Prompt:
Print, word for word, the line containing "8N486 Thomas Road" and all lines beneath it to the end of the entries below. Pictures do not belong in the copy.

====================

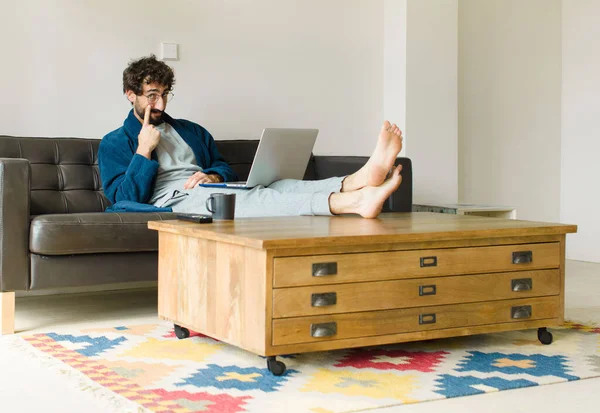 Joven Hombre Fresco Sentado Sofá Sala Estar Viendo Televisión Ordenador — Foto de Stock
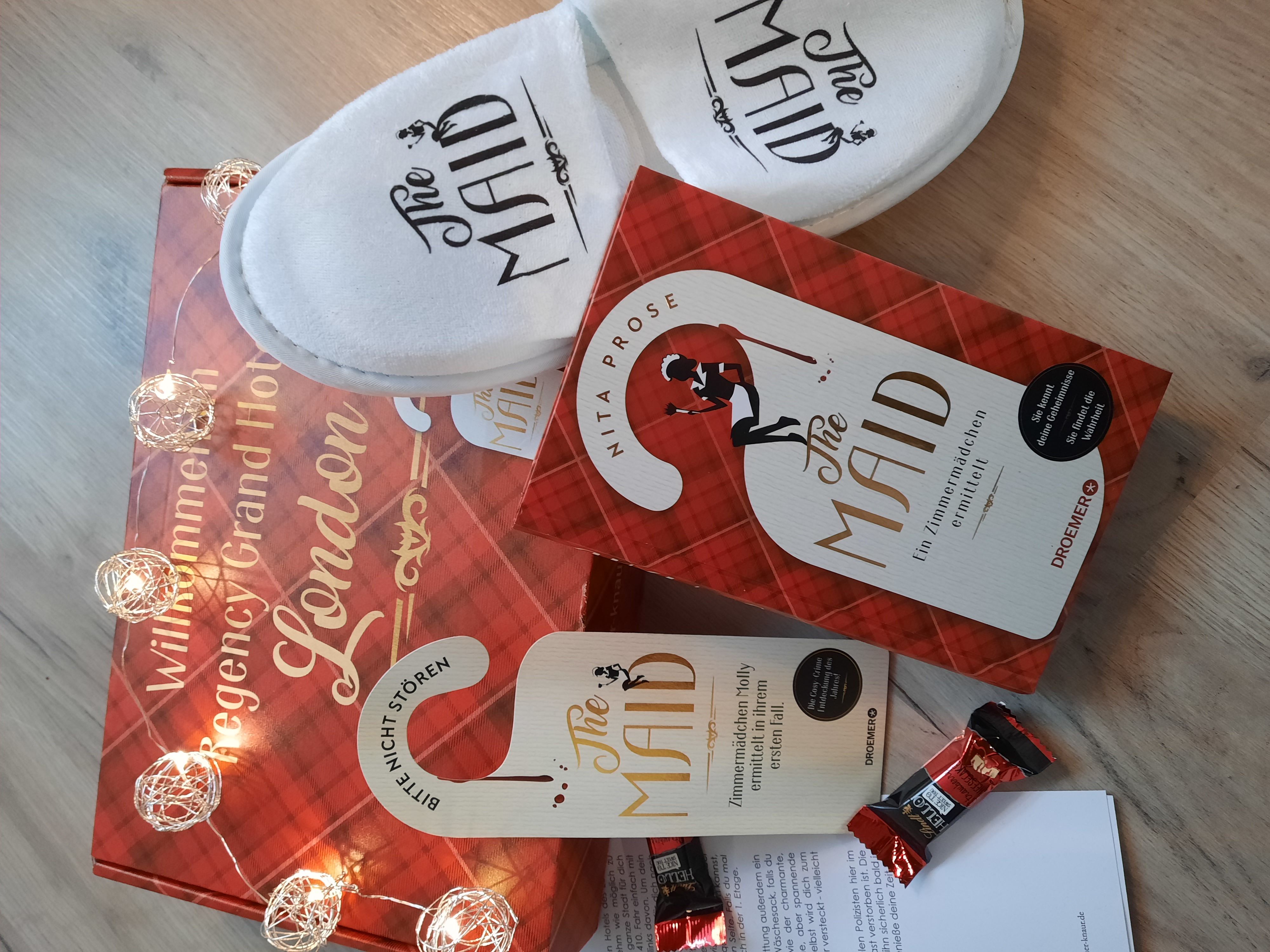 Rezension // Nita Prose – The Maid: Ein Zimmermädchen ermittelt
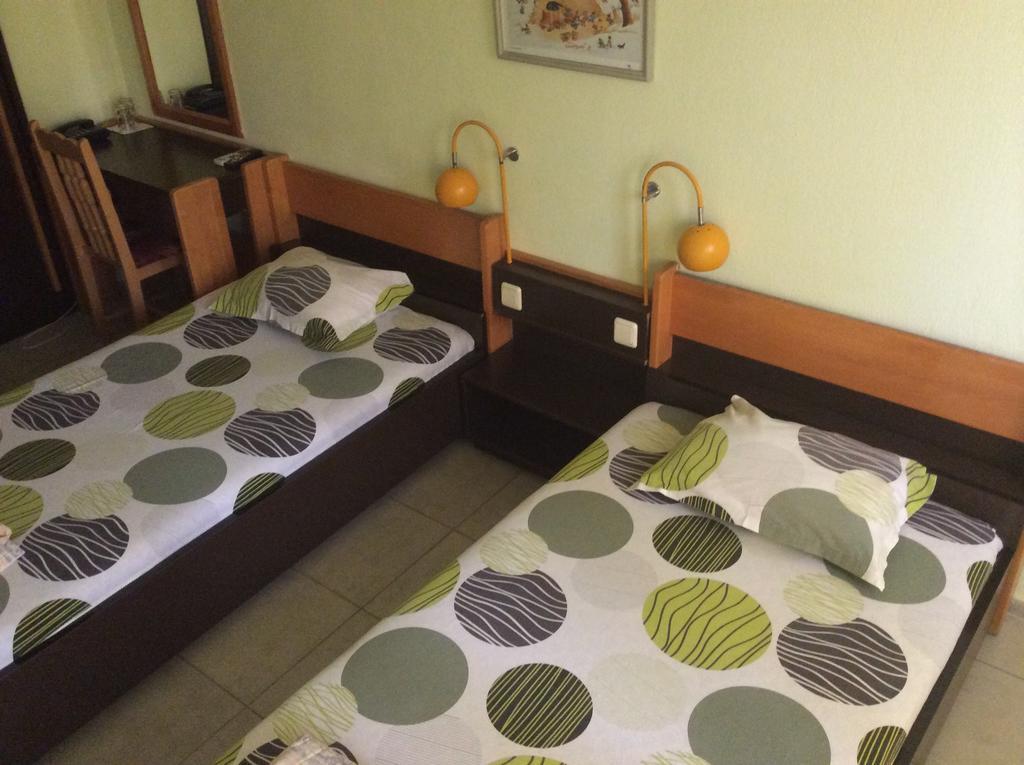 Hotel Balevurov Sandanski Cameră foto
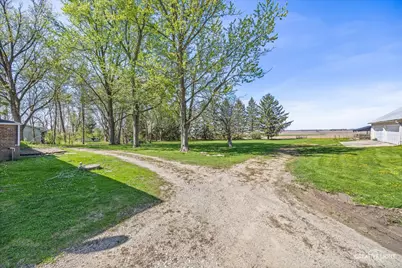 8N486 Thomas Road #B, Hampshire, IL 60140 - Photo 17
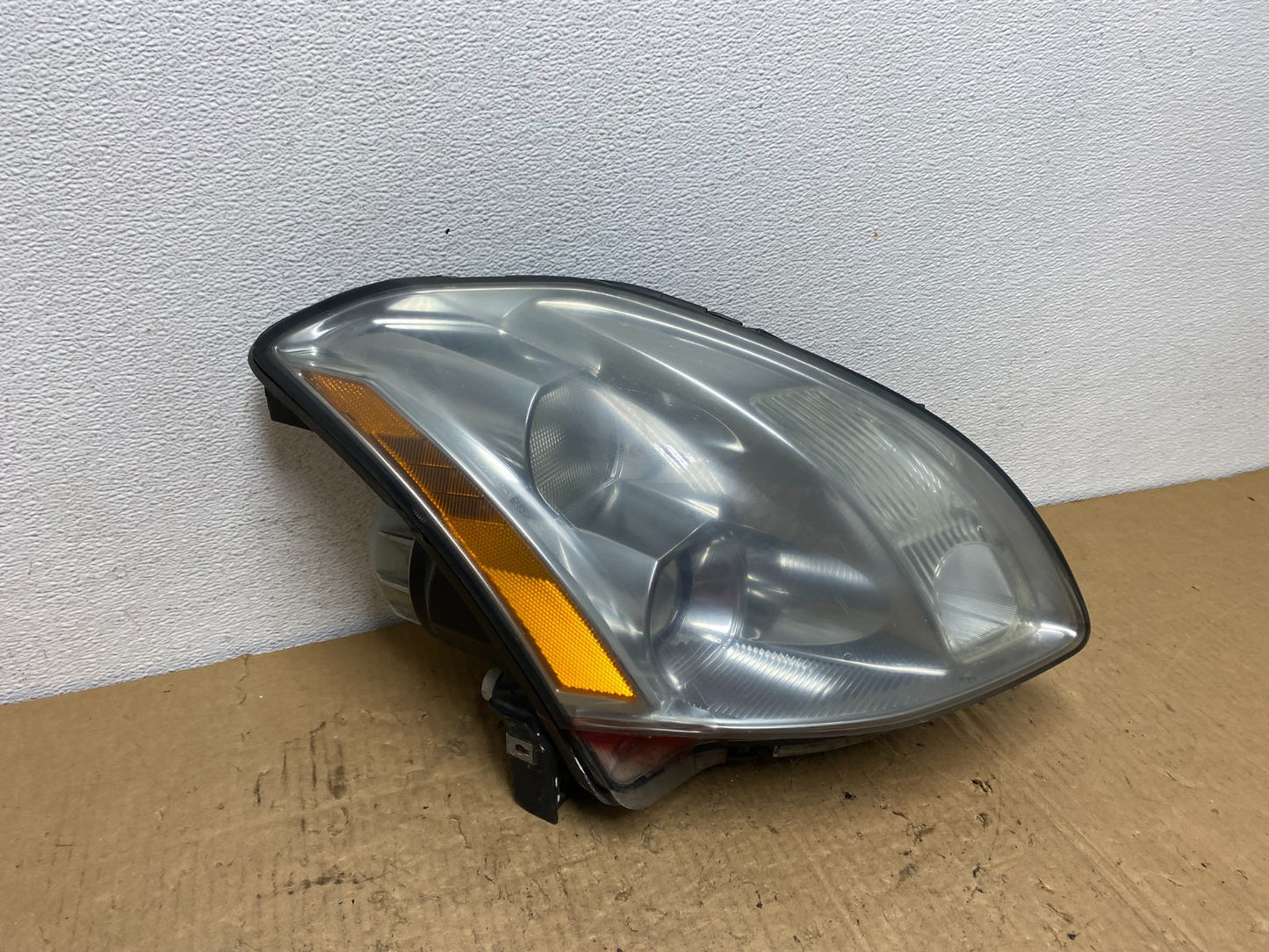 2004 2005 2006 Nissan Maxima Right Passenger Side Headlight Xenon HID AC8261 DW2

====================

Finished task:
 8N486 Thomas Road #B, Hampshire, IL 60140 - Photo 17
 2004 2005 2006 Nissan Maxima Right Passenger Side Headlight Xenon HID AC8261 DW2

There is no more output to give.